Zwischen Abstraktion und Gegenständlichkeit. Die Glasfenster von Udo Unterieser in der Kapelle des Altenheims St. Suitbertus
Kapelle des Altenheims St. Suitbertus | Kölner Str. 4, 42119 Wuppertal |Udo Unterieser | 1980
Von Anna Koston
Das katholische Altenheim St. Suitbertus im Wuppertaler Stadtteil Elberfeld verzeichnet fünf Glasfenster des Glasgestalters Udo Unterieser. Die Fenster tragen den Titel ,,Freie Komposition” und treten vor allem durch ihre abstrakte Formensprache hervor. Wie die Freie Komposition offenbart, hebt sich Unteriesers Glaswerk von der klassischen Glasmalerei der Vorkriegszeit ab, die von figurativer Dreidimensionalität geprägt ist. Seit den 1980er Jahren zieht sich die zweidimensionale Abstraktion verstärkt durch die Glaskunst von Unterieser und ist vor allem im öffentlichen Raum vertreten. Warum die Glasfenster von Unterieser die traditionelle Glaskunst überwinden, beantwortet sich mit einem Blick auf die sich in der Kapelle befindlichen Fenster, die die rechte Seitenwand zieren.
Besonders das Fenster in direkter Nähe zum Altar, das das erste von vier ausführenden Glasfenstern in der Kapelle bildet, deutet Unteriesers Spiel mit amorphen Formen und reduzierter Gegenständlichkeit an. Das einbahnige Glasfenster setzt sich aus unterschiedlich gefärbtem Antikglas, Blei und Glasbrocken zusammen.
Der zweidimensionale Aufbau des Glasfensters fügt sich aus einer schwarzen Ummantelung aus Blei zusammen.

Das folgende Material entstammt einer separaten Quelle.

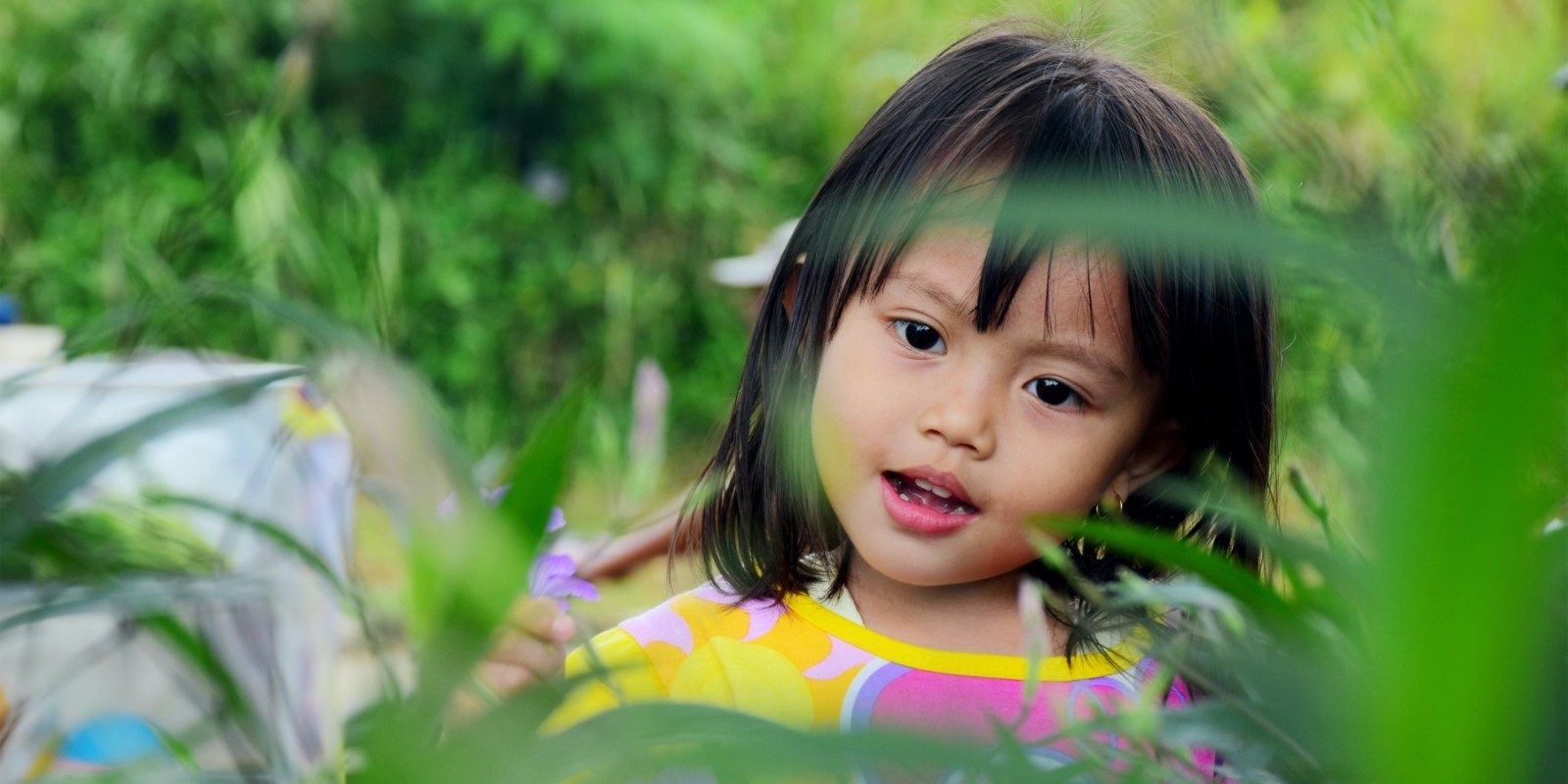 Combatting screen fatigue: helping your students connect with nature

Innerhalb dieser Umrahmung folgen geometrisch angelegte und unterschiedlich große Glasscheiben einem diagonalen Muster, das in Abschnitten weitere Konturen bildet, bis die hellblau getönten Scheiben in größere helle Flächen übergehen. Zentral umgeben die groß angelegten Flächen eine abstrakte Figur in ihrer Mitte, die sich aufgrund der intensiven Farbigkeit von ihrem äußeren Umfeld abhebt.
Im Mittelpunkt steht dabei die amorphe, stark abstrahierte Figur. Die Gestalt schließt sich aus zwei unterschiedlich großen Segmenten zusammen. Hier gehen Rumpf und Haupt ineinander über und erhalten so einen menschenähnlichen Umriss. Der Körper der Figur besteht aus gefärbten Glasscheiben, die von einem leuchtend rot orangenen Ton ins rosafarbene übergehen. Auch kühlere Farbtöne sind vertreten und entfalten vor allem oberhalb der Figur, im Haupt, ihre Wirkung. Kalt und Warm stehen sich gegenüber, treffen durch rot und blau aufeinander und erzeugen ein wirkungsvolles Farbspektrum.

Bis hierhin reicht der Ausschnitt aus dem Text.